Naledi Tshegofatso Modupi is a South African artist and illustrator whose work boldly explores black womanhood, identity and the strength of African women. Known for her bold use of continuous lines and colour, her style is distinct, with a focus on the digital medium, she creates works that are both visually dynamic and deeply symbolic. Her journey, which began in her South African community, has taken her across the world, with her art showcased in cities like London, Cape Town, and Chicago. In this interview, Naledi reflects on how her creativity was nurtured by her family and how discovering black female artists in high school sparked the idea that art could be her career. With a focus on both digital and traditional mediums, she discusses how her work serves as a tool for empowerment, particularly for African women, whose stories and experiences she brings to the forefront through her unique style.
At the core of our conversation is the theme of Empowering Progress, which Naledi embodies in her mission to uplift and celebrate African women through her art. She talks about the importance of representation and how her art challenges narrow narratives about black women, offering instead a nuanced, multifaceted celebration of their strength, vulnerability, and beauty. She also speaks candidly about the challenges she faces, from battling creative doubts to finding her voice while exploring how her community and upbringing have shaped her perspective, why collaboration is central to her artistic philosophy, and how she’s striving to ensure her work is accessible and meaningful to the very people whose stories it represents. Naledi’s story is one of commitment, using her platform to inspire others, drive progress, and redefine how African women are seen and celebrated in the global creative space.
To start, could you tell me about your background? What was your journey like growing up, and is this the path you always envisioned for yourself?
I’m from Johannesburg, South Africa, specifically the east end. My community is quite traditional and straightforward. The idea of a "party life" doesn’t really exist there. People grow up to become teachers, doctors, or other conventional professionals.
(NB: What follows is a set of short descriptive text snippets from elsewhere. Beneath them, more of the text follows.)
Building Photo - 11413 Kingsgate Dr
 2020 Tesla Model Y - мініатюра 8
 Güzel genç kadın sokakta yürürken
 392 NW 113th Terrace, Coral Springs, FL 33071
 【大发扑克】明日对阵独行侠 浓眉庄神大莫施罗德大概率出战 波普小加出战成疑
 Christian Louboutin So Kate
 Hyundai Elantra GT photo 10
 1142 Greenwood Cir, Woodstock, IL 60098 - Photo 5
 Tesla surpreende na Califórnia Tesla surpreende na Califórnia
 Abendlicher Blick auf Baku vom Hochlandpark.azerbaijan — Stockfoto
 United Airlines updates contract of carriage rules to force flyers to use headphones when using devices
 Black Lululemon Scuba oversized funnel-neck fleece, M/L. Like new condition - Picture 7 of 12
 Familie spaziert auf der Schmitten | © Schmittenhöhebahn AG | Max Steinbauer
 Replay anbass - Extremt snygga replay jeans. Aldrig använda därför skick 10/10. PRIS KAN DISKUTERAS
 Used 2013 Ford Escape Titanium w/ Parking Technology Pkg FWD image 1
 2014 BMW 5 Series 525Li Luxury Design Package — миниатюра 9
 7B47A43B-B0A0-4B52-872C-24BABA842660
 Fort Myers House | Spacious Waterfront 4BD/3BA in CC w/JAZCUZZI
So, becoming an artist wasn’t something I ever considered because I simply didn’t see any artists around me. I didn’t even realise it was a career option.
That said, I’ve always loved creating. Drawing, making things, it's something I’ve done my entire life. I was raised by women, including my mum, who is incredibly creative herself. However, she never pursued a creative career, so I never saw her as an example of what was possible in that sense. But looking back now as an adult, I realise I grew up in a very creative household. I only truly considered becoming an artist in high school. That’s when I first learned about Black artists and women in the art industry through the textbooks we studied. My family had always nurtured my creativity; it was never discouraged.
But until high school, I saw it as just a hobby. Taking art as a subject changed that perspective. I remember in grade 12, I learned about Black female artists from South Africa, and that opened my eyes to the many possibilities ahead of me. That was the moment I started seeing art as a real career path.
That definitely makes sense. What would you say was the key moment that sparked your professional journey? The moment when you thought, 'This is what I need to pursue now'?
The very first time I felt like I truly belonged was in the art space. My community embraced my craft so quickly when I started sharing my art, even while I was still studying. It felt amazing to be accepted so easily. Before that, I was just studying for the sake of it, just to get a job and make a living.
But when I started creating and sharing my art, I felt a new kind of excitement, not just for what I was doing, but for my future, which was something I had never really been excited about before. It just felt right. Like I had finally found myself, and everything was aligning perfectly. It also happened to be my final year of university, and at that point, I realised I could actually do this.
Opportunities started coming my way, and I was even able to start making money while still in school. By the time I graduated, it already felt like my career had begun. I just jumped right into it, and I have no regrets. I know this is where I belong. I just need to work harder, be more intentional, and fully commit to this journey. But there’s no doubt, this is what I’m meant to do.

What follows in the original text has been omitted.